I believe that gfx cards are somewhat limited on laptops, although Nvidia does make a Quadro notebook version. I'd say 2GB of RAM at the minimum and get as much video RAM as you can find.

Hi there,
Just a small question. Hope this is the right forum.
I am about to buy a laptop but have difficulties desciding which one. I want to be able to use maya and 3ds max on it because I want to practise 3d animation more. I use flash and photoshop a lot.
I have been told that I should go for at least 1 GB of RAM and have a powerful graphic card as well. Nvidia GE force or ATi. Most of the laptops I see in the shops use Nvidia GeForce Go 7200 but on the maya website they say that Nvidia Quatro are better. Can anyone please comment?
thanks very much,
Boris

I would recommend at least 2GB of RAM, 3GB would be the best. The CPU should be a dual-core processor and the video card(since you want to use maya) should be a Quadro or a GeForce 7 series video card with at least 256MB of RAM. Just my own personal opinion but I find that if your trying to make a laptop mirror a desktop workstation that the laptop becomes ridiculously more expensive for less power.

Software: TVPaint Pro, Harmony Standalone, Storyboard Pro, Maya, Modo, Arnold, V-Ray, Maxwell, NukeX, Hiero, Mari, RealFlow, Avid, Adobe CS6
Hardware: (2) HP Z820 Workstations + 144-core Linux Render Farm + Cintiq 24HD Touch

Just my own personal opinion but I find that if your trying to make a laptop mirror a desktop workstation that the laptop becomes ridiculously more expensive for less power.

Yeah, but it impresses the hell outta people on an airplane when you're working on you shot at 30,000 feet... :D

dont forget to look at the software packages and their required and recommended hardware.

"who wouldn't want to make stuff for me? I'm awesome." -Bloo

thanks

very much guys. Something tells me I am fine for a beginner like me to go for 1 GB of RAM and a G force mx card or something. The thing I mainly wanna practise is character animation. So not too much fancy stuff.

Does anyone know if Maya runs on windows vista? I had a look on their side and it said that it hadn't been tested yet.

What happened to the 10 second club by the way?

cheers,
Boris

Does anyone know if Maya runs on windows vista? I had a look on their side and it said that it hadn't been tested yet.

Some people have gotten it work on Vista but Autodesk hasn't officially announced support for Vista since its OpenGL (Used by Maya) isn't really all that good yet.
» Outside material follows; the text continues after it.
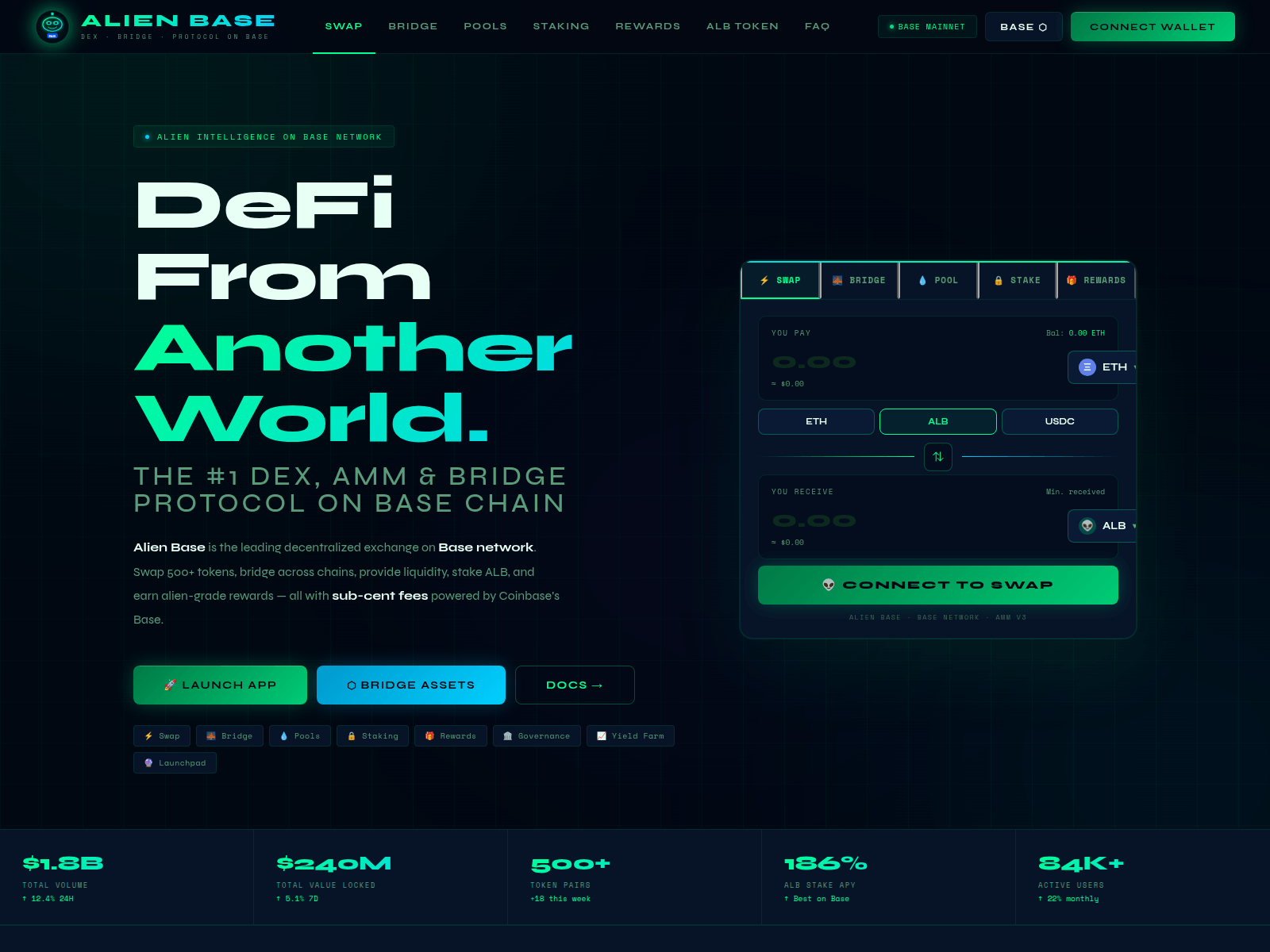Screenshot of dex-alienbase.com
Software: TVPaint Pro, Harmony Standalone, Storyboard Pro, Maya, Modo, Arnold, V-Ray, Maxwell, NukeX, Hiero, Mari, RealFlow, Avid, Adobe CS6
Hardware: (2) HP Z820 Workstations + 144-core Linux Render Farm + Cintiq 24HD Touch

as for 10 second club. last i saw from them they had an update up about how they got hacked or something. So they took everything down to add security and make the place better. Hasnt been back since...
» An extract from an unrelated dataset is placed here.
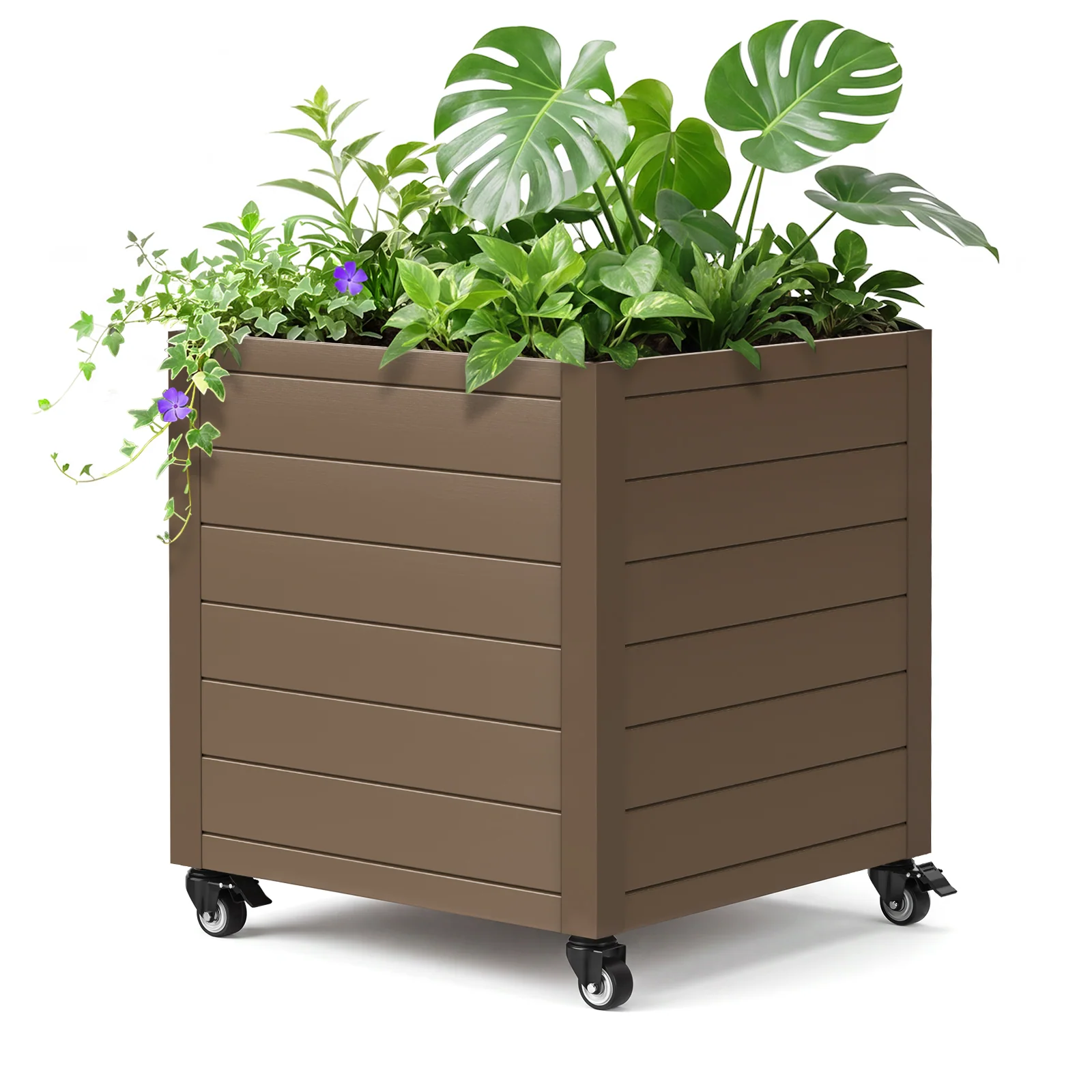 Square Outdoor Planter Box 18" (D) x 18" (W) x 17.7" (H), Brown Planter with 4 Wheels, Rot-resistant and waterproof; Suitable for front porches, patios, or gardens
"who wouldn't want to make stuff for me? I'm awesome." -Bloo

screen res

Yeah, 10 second club seems to be offline for a long time. I really hope it will come back.
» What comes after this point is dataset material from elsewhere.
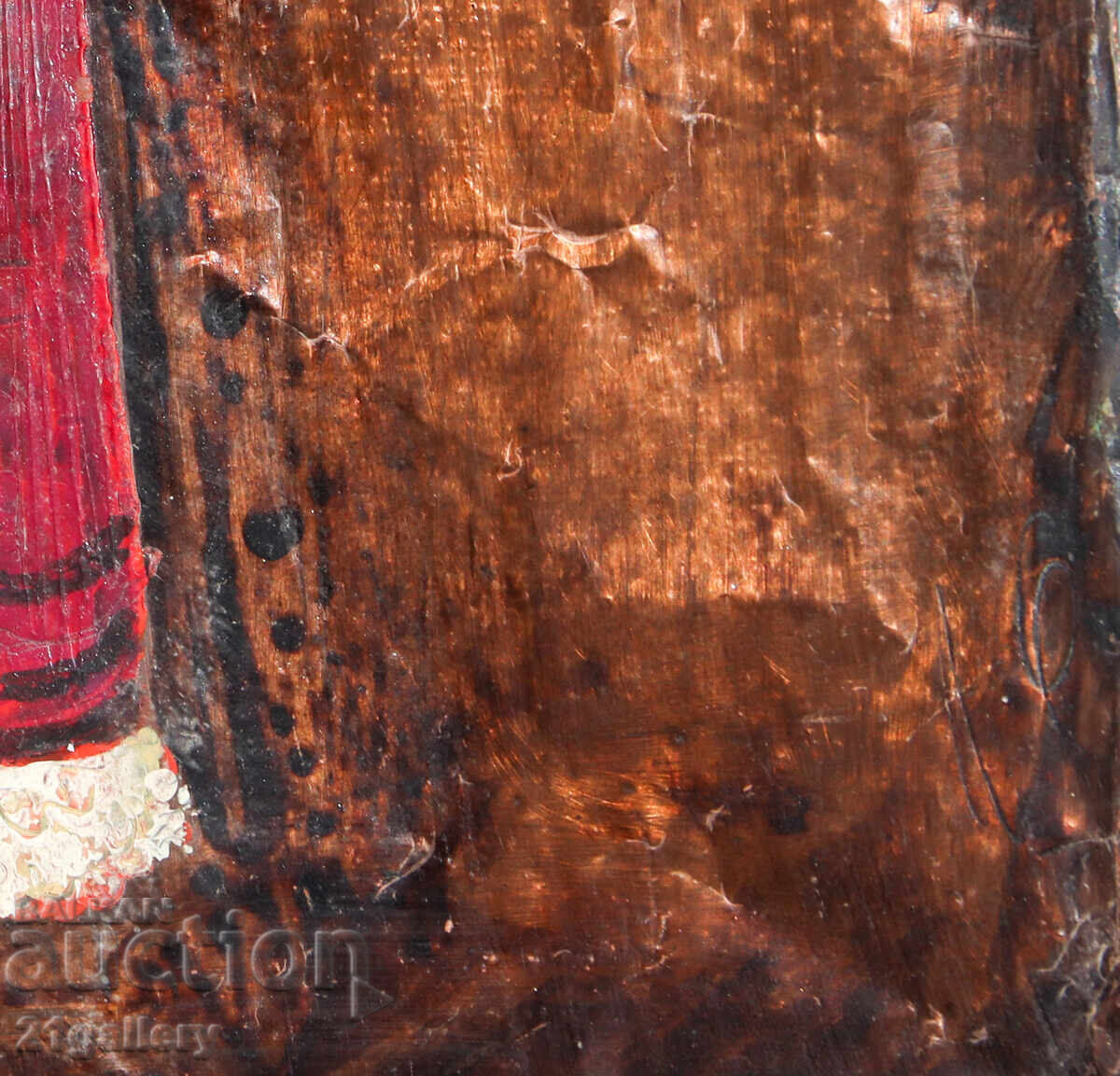 Стара маслена картина момиче в носия - 7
I had a look at this laptop:
http://www.misco.co.uk/applications/searchtools/item-Details.asp?EdpNo=271567&sourceid=2004
And it seemed ok to me until I realized that Maya mentions that the screen res should be at least: 1280x1024 and this one has 1280x800, so I am starting to have doubts again. Can anyone tell me if this is going to be a problem or not. Can I still run MAya on it? Or should I go for a 17" monitor instead of the 15.4" ?

Thank you!
Boris

I have a 17" monitor on my laptop and I still end up moving things around a lot in Maya. The more screen real estate you have, the better.

Among most of the non-super-bleeding-edge-high-tech monitors, I think the difference between 15 and 17 is a short-term sacrifice in cost that has long-term benefits in your ability to engage with your work.

Oh, and on 1024x768 I can see everything I need to (though I trust anyone who says more screen would only help).

More screen would only help. :D

Aloha,
the Ape

...we must all face a choice, between what is right... and what is easy."